In 2010, I visited TheCharles Hosmer Morse Museum of American Art in Winter Park to find a 10-gallery, 12,000 square-foot wing under construction, planned to house The Morse’s immense collection of architectural elements, archival materials, and artworks salvaged from Louis Comfort Tiffany’s Laurelton Hall estate.
With Laurelton’s loggia installed at The Met, a gift in 1978 by the founders of the Winter Park museum, where better during these unsettled troubling times to sense the spirit of one artist’s lifelong quest than standing in the rebuilt Daffodil Terrace, the focal point for the world’s most comprehensive collection of Tiffany works.

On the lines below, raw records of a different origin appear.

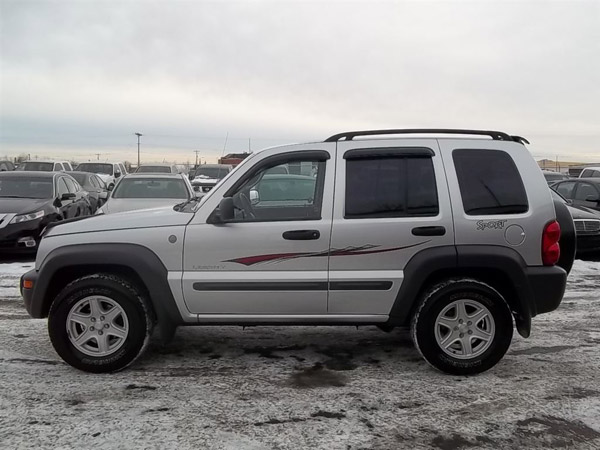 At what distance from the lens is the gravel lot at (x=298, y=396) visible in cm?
327

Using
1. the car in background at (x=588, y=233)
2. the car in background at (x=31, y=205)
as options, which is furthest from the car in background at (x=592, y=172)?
the car in background at (x=31, y=205)

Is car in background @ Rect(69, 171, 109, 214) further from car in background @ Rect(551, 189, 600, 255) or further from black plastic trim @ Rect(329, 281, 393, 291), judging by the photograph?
black plastic trim @ Rect(329, 281, 393, 291)

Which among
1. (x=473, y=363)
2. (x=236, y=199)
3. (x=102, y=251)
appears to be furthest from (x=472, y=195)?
(x=102, y=251)

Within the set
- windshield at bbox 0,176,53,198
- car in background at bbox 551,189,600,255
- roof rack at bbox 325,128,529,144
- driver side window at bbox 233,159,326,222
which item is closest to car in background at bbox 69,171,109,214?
windshield at bbox 0,176,53,198

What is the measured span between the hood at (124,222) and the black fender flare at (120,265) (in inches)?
6.7

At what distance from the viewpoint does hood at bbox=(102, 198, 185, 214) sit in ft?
30.1

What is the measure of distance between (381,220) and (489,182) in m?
0.93

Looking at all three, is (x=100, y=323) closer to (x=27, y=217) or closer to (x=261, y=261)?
(x=261, y=261)

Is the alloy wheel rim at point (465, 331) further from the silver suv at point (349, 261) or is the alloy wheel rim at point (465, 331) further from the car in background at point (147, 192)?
the car in background at point (147, 192)

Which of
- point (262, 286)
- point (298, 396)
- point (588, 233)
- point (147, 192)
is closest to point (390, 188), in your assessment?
point (262, 286)

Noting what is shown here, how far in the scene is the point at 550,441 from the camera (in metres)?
3.25

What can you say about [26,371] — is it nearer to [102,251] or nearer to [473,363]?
[102,251]

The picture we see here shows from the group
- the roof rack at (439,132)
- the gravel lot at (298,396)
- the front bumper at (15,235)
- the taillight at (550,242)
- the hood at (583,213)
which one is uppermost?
the roof rack at (439,132)

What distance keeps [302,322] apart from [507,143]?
2.21 metres
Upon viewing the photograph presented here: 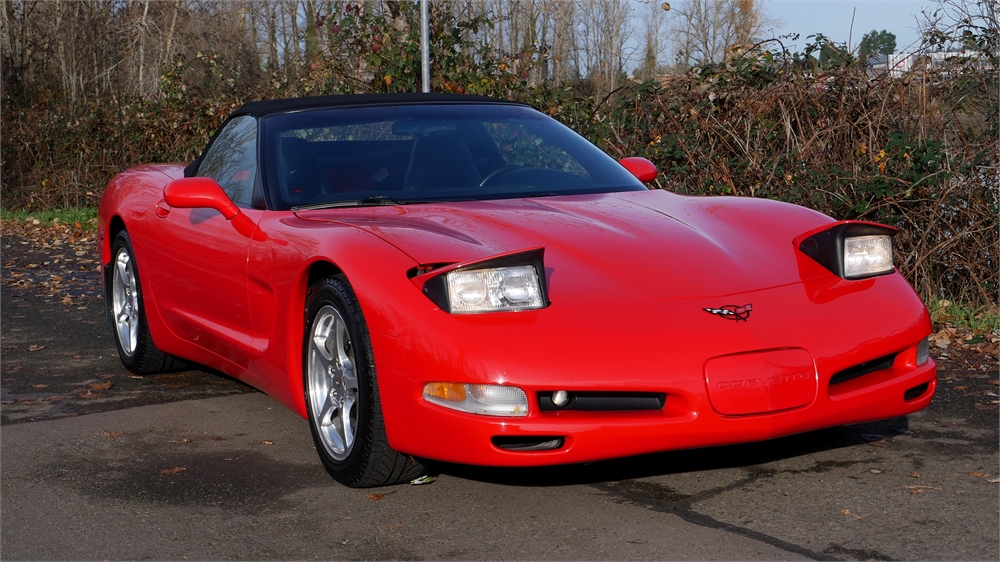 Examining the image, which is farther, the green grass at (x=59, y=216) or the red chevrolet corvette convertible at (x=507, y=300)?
the green grass at (x=59, y=216)

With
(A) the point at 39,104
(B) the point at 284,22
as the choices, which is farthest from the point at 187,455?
(B) the point at 284,22

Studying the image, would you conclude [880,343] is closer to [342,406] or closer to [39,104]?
[342,406]

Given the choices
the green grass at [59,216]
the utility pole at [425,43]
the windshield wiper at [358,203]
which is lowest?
the green grass at [59,216]

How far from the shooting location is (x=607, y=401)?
3.27 meters

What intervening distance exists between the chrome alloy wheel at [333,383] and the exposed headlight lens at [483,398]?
0.49 meters

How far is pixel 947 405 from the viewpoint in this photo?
4.79 meters

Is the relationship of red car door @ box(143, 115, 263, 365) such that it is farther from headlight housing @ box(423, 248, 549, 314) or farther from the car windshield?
Result: headlight housing @ box(423, 248, 549, 314)

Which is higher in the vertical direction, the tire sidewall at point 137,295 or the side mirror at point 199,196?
the side mirror at point 199,196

At the nearby Alfond Inn, the hotel’s art collection, according to Ted Alfond, “has driven the accolades, ratings, and enthusiasm of visitors. The overall success of the enterprise is beyond what anyone had expected.” The Alfonds, along with curator Abigail Ross Goodman, have assembled an outstanding collection in association with Rollins College’s Cornell Fine Arts Museum. The art-of-the-moment acquisitions are intended “… to stimulate … new perspectives, new ways of seeing, and new ways to process what we are seeing,” according to Barbara Alfond, Rollins ’68. While the five-story, pet-friendly, 112-room boutique hotel has reduced its capacity, the hotel’s standards and staff have not slackened, attentive to guests’ every safety and health concerns. Barely a 2½ hour drive from Palm Beach, The Alfond Inn and Winter Park’s Park Avenue are an idyllic getaway from the South Florida swarm.
Amid the simulated illusions of Magic Kingdom and Jurassic Park, where for some inhaling pixie dust and water slide thrills are essential Florida souvenirs, the Orlando Museum of Art’s collections and exhibitions at Loch Haven Park are too often bypassed on the way to EPCOT. Open at 50% capacity, OMA’s Contemporary Art Collection is the largest section of the venue’s permanent collection, having established an Acquisition Trust in 1985. I was especially fascinated by Kerry James Marshall’sUntitled, 1999, a 50-foot long, 12-panel woodcut on paper.